A number of teens run from the boiling conflict, others run
toward it. Neighbors hang out of their windows with cell phones
in hand, dialing 911.
The police aren’t here. And they won’t be for at least another
15 minutes.
Common Councilman Corey Ellis is shouting: “King, I’m not
gonna lose you! King, I’m not gonna lose you! Get in the car,
King,” as he pulls a young man who looks perhaps 18 away from
the roiling storm of violence that now involves around 20
young teens and parents.
Ellis’ arms wrap around KingJamell Modest as he pulls the
young man by the waist, Ellis’ suit jacket flailing, his Blackberry
tossed out of his pocket and into the air as King struggles
forward, drawn towards the escalating brawl.
It all happened so quickly.
Modest had been in the midst of interviewing local teens about
their home lives. Ellis’ protégé, Modest is involved in the
councilman’s Save Our Neighborhood program, which is designed
to boost community spirit and focus the energies of Third
Ward residents on neighborhood-improvement projects. Ellis
also is employed by the Trinity Institution, where he is in
charge of community outreach. Once a successful New York attorney,
Ellis has returned to his hometown and dedicated himself to
reuniting and repairing his despairing neighborhood.

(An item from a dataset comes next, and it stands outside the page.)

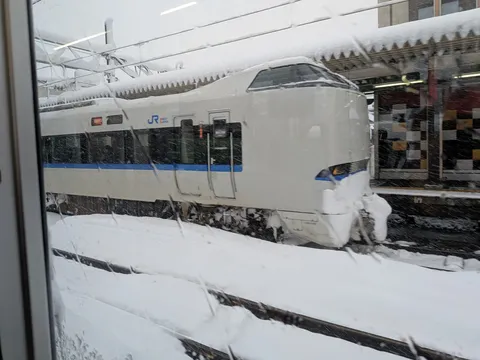 雪煙をまとった冬の旅路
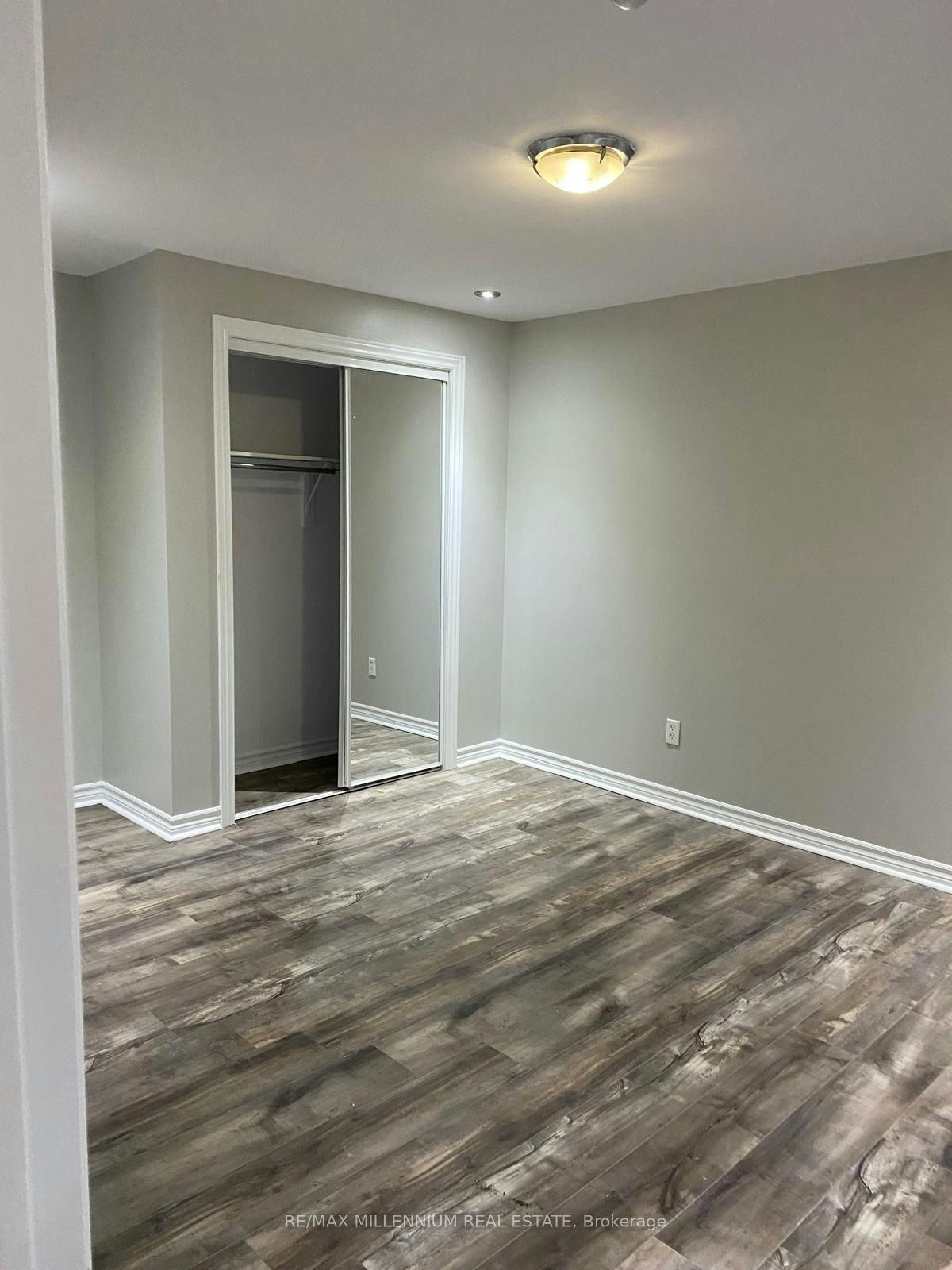 35 Southlake Boulevard, Brampton, ON, L6V 4P4 - 4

Modest, who spent months last year in juvenile detention for
unspecified drug charges, has gone through training to be
a peer mentor at the Arbor Hill Community Center, is well-read,
has a commanding voice, and quotes statistics as if he were
reading out of an almanac. Modest is a born leader, and Ellis
recognizes it.
Modest rests his head some nights at his mother’s place on
Colonie Street and some nights at his sister’s in downtown
Albany, but he always finds his way back to Second and Quail
to hang out with his friends.
When Modest walks down the street in West Hill, there isn’t
one person who doesn’t greet him by name. “Hey, King,” says
a man in a backward Yankees cap. “What’s poppin’, King?” demands
a young kid with an attitude bigger than his body, as he puts
out his fist for Modest to pound.
“Heyyyy
King. That’s right, you look good. You know you can’t handle
this!” shout a gaggle of girls sitting on a stoop as Modest
strides past. Modest doesn’t walk anywhere casually; he accelerates
forward with purpose, leaving anyone who isn’t quick enough
behind.
If Modest told you he was only 15 (and he is), you wouldn’t
believe him. If he mentioned to you that he has been shot
twice, and in the same sentence mentioned a statistic about
young residents of Arbor Hill eating only one meal a day,
you might cringe and wonder how such a well-spoken, bright-eyed
young man could find himself in such trouble. But King can
explain it. It is all too easy.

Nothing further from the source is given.